Lors du conseil commun de la Fonction Publique (CCFP) du 29 avril 2026, la CFDT a voté contre le projet de décret qui aligne par le bas les autorisations spéciales d’absences (ASA) parentales et familiales par rapport à l’existant.
A la suite du vote unanime des organisations syndicales contre un projet de décret régressif sur les ASA familiales et parentales lors du CCFP du 8 avril 2026, une seconde instance s’est réunie le 29 avril 2026 sur le même sujet.
Les bougés insuffisants du ministre
La veille de ce second CCFP, le ministre de l’Action et des Comptes publics David Amiel, avait décidé de faire passer les ASA pour mariage et pour PACS de la nécessité de service à la catégorie des ASA de droit. Le ministre avait également décidé que les ASA pour le décès du conjoint (qui sont également désormais de droit) passerait de 3 jours à 5 jours.

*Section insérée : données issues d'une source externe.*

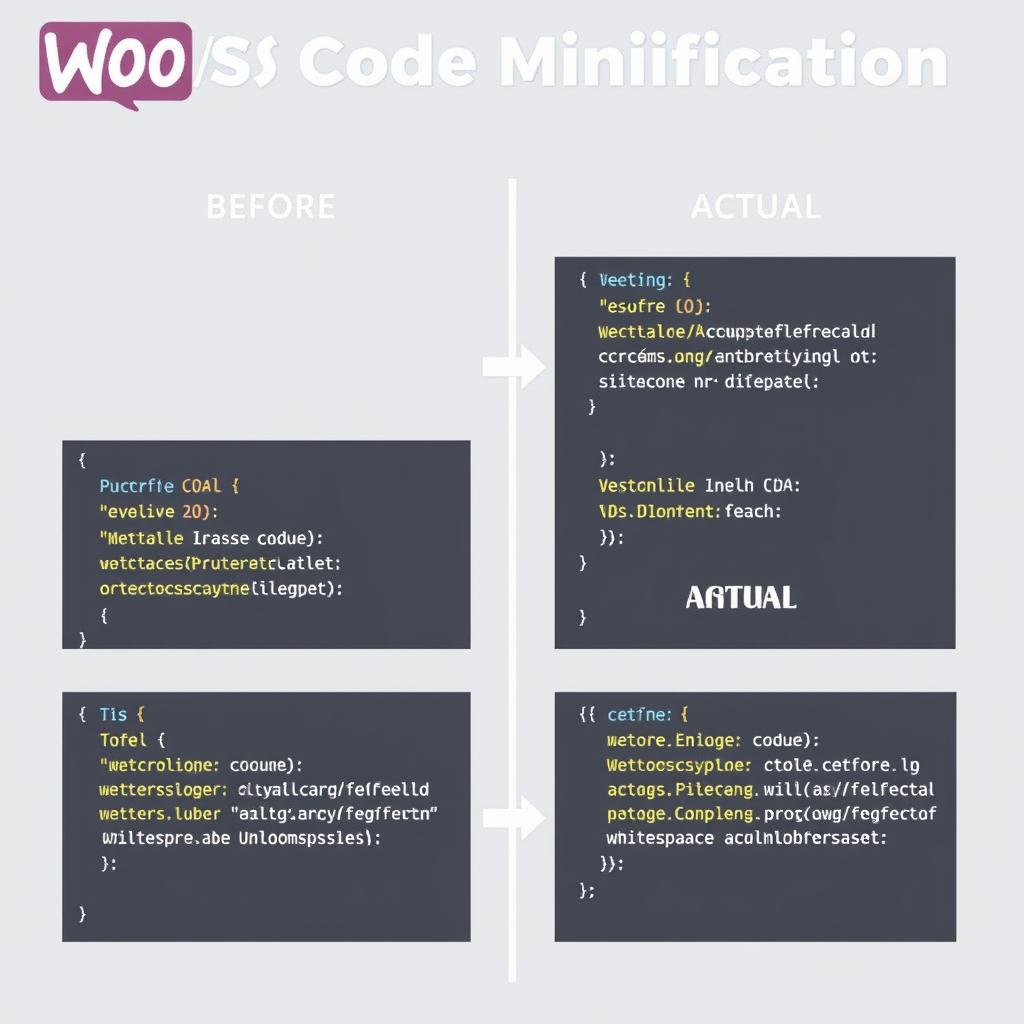 Code minification process showing reduced file sizes for WooCommerce Code minification process showing reduced file sizes for WooCommerce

En revanche, malgré l’insistance de la CFDT, et de toutes les organisations syndicales, le gouvernement refusait de revenir à 12 jours d’ASA pour un couple quel que soit le modèle familial. Rappelons que seules les familles monoparentales bénéficieront de 12 jours, et l’agent public en couple de 6 jours. De même, le gouvernement a toujours refusé que le projet de décret soit un socle permettant des négociations « au plus proche du terrain » dans les 3 versants pour au moins garantir les droits acquis.
Le gouvernement isolé
Non seulement les organisations syndicales ont voté toutes contre le projet de décret, mais la fédération des hospitaliers de France « a boycotté » le CCFP, et la représentante des employeurs territoriaux a fortement critiqué le ministre de l’Action et des Comptes publics. Elle s’est abstenue lors du vote.